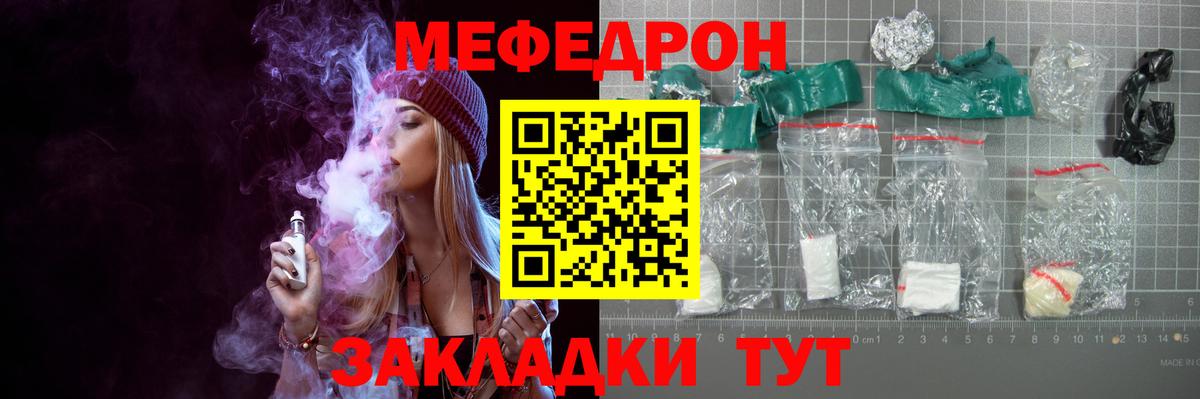 МЕФ мука  Мефедрон кристаллы  МЯУ-МЯУ  Меф  Уфа  Вход с VPN 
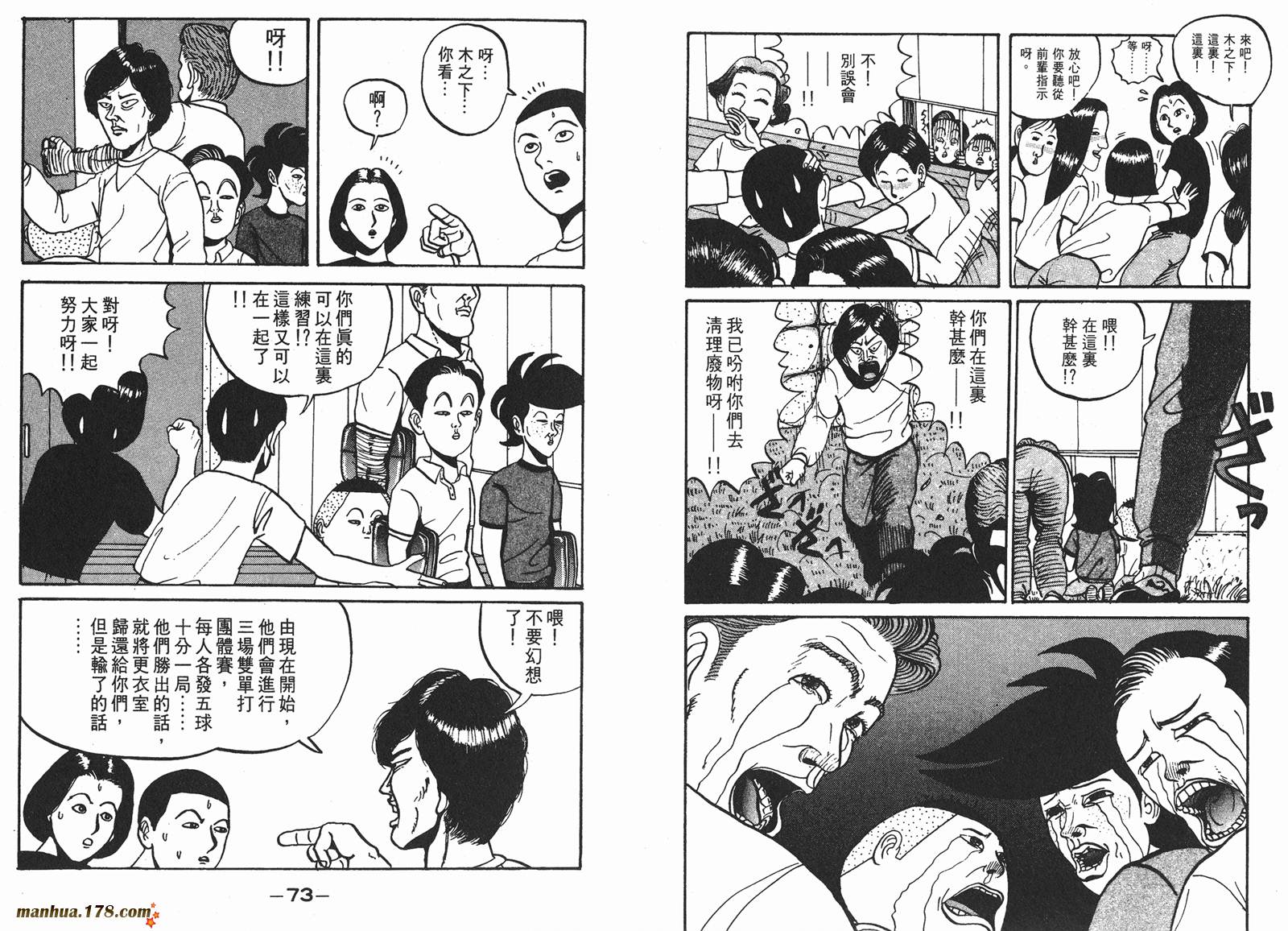 去吧，稻中乒团第1卷图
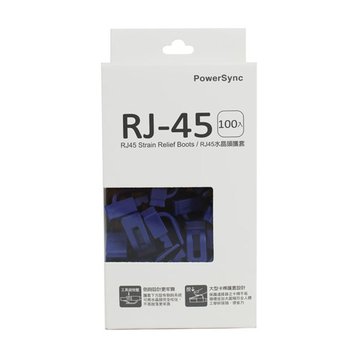 PowerSync RJ-45水晶頭護套(100入)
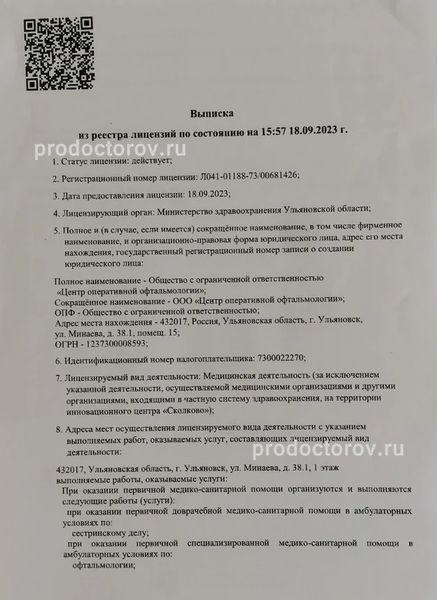 Фото клиники 8
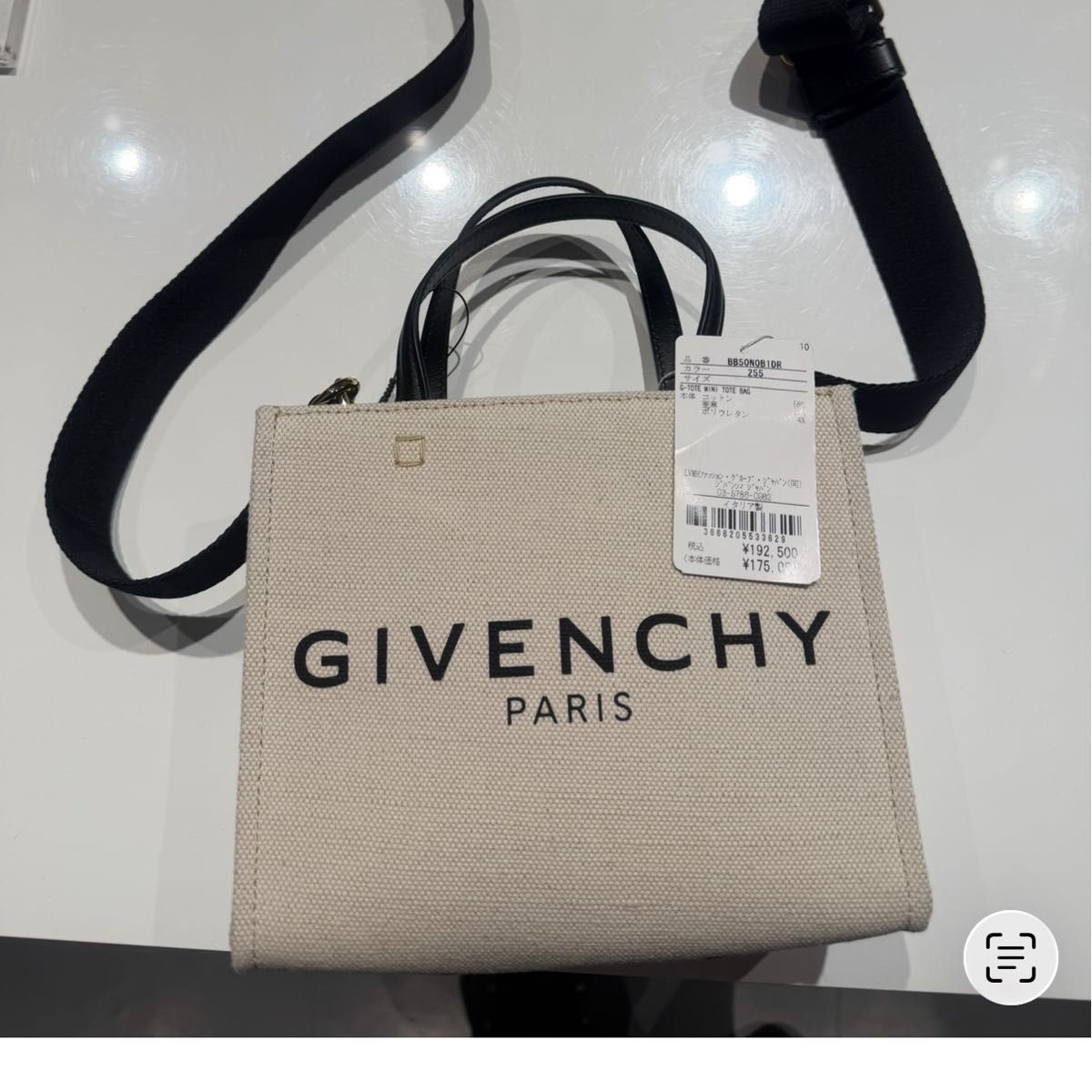 新品 GIVENCHY ジバンシィ ミニ トートバッグ ショルダーバッグ 2WAY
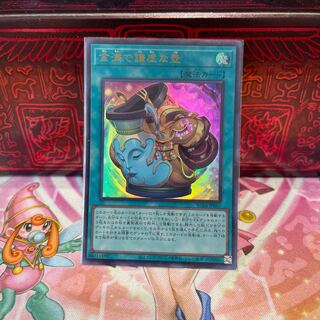 No.2156 P屋　金満で謙虚な壺【ウルトラ】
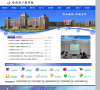 哈尔滨广厦学院缩略图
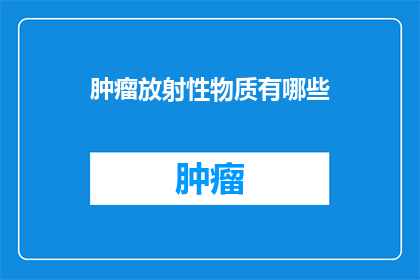 肿瘤放射性物质有哪些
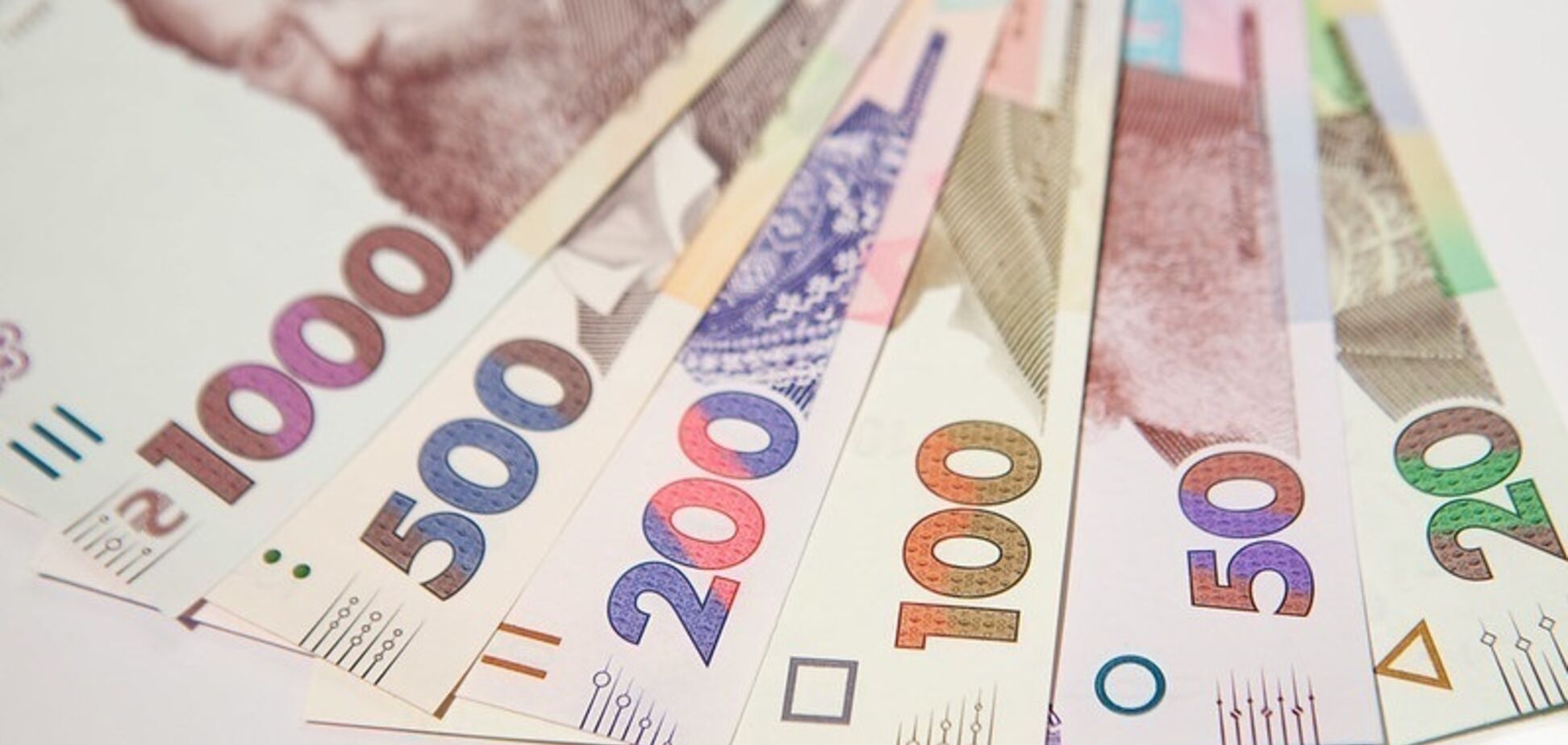В Україні випустили нові 50 гривень: який вигляд має банкнота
-=-=-
» **WHAT THIS TASK INVOLVES**
So that the copy stays exact, reproduce each record word for word and leave its images out.

» **SOLUTION FOR THIS TASK**
 МЕФ мука  Мефедрон кристаллы  МЯУ-МЯУ  Меф  Уфа  Вход с VPN 
 去吧，稻中乒团第1卷图
 PowerSync RJ-45水晶頭護套(100入)
 Фото клиники 8
 新品 GIVENCHY ジバンシィ ミニ トートバッグ ショルダーバッグ 2WAY
 No.2156 P屋　金満で謙虚な壺【ウルトラ】
 哈尔滨广厦学院缩略图
 肿瘤放射性物质有哪些
В Україні випустили нові 50 гривень: який вигляд має банкнота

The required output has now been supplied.